Monday, December 27, 2010

Lower Taxes, Less Government in States Gaining Congressional Seats

Like most things, we can’t prove causation. The interesting thing will be to see how these growing states trend in the years to come. Will they become more like their higher tax counterparts?


    An updated study by Americans for Tax Reform compared states gaining and losing Congressional seats in the decennial reapportionment process and found that states gaining seats had significantly lower taxes, less government spending, and were more likely to have “Right to Work” laws in place. Because reapportionment is based on population migration, this is further proof that fiscally conservative public policy spurs economic growth, creates jobs, and attracts population growth.

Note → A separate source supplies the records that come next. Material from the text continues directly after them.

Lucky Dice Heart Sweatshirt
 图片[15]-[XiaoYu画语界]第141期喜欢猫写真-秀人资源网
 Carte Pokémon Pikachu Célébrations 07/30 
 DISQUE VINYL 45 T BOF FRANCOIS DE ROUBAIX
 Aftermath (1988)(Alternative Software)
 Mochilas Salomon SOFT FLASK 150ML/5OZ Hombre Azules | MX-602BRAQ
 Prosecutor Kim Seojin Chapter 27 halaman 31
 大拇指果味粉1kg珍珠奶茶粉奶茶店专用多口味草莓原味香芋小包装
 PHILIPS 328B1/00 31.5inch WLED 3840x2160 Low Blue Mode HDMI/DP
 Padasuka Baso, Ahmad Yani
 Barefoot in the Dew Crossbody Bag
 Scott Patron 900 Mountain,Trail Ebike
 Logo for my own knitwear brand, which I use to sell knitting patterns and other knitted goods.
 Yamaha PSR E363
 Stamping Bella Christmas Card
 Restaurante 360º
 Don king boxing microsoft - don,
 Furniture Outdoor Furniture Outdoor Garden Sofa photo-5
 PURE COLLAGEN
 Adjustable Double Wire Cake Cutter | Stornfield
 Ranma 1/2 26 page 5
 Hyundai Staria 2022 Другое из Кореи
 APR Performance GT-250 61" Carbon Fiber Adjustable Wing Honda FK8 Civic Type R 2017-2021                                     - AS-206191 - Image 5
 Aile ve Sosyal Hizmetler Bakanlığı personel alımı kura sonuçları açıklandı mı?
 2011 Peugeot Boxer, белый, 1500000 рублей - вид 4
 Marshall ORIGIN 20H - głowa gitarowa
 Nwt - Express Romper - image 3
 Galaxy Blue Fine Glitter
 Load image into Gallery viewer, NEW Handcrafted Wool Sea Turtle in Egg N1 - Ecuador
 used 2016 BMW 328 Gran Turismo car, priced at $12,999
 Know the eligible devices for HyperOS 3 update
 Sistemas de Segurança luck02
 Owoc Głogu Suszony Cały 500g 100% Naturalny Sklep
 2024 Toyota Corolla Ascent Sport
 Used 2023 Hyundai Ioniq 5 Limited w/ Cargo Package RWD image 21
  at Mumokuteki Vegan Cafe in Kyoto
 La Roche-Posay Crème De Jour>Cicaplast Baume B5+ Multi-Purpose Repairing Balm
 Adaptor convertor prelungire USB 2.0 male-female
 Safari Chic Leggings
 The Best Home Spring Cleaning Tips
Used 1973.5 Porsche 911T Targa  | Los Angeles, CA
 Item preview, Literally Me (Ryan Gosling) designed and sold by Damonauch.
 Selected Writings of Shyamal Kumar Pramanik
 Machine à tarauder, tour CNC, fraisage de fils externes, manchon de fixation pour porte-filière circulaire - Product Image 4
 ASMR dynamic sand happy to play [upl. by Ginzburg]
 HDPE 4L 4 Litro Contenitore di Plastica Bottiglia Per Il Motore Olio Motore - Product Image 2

    The Census Bureau announced today that eight states will gain at least one Congressional seat. Texas will gain four seats and Florida will gain two. Arizona, Georgia, Nevada, South Carolina, Utah and Washington will gain one seat each. The biggest losers will be New York and Ohio – both will lose two seats – while Illinois, Iowa, Louisiana, Massachusetts, Michigan, Missouri, New Jersey, and Pennsylvania will lose one seat each.

    The average top personal income tax rate among gainers is 116 percent lower than among losers. The total state and local tax burden is nearly one-third lower, as is per capita government spending. In eight of ten losers, workers can be forced to join a union as a condition of employment. In 7 of the 8 gainers, workers are given a choice whether to join or contribute financially to a union.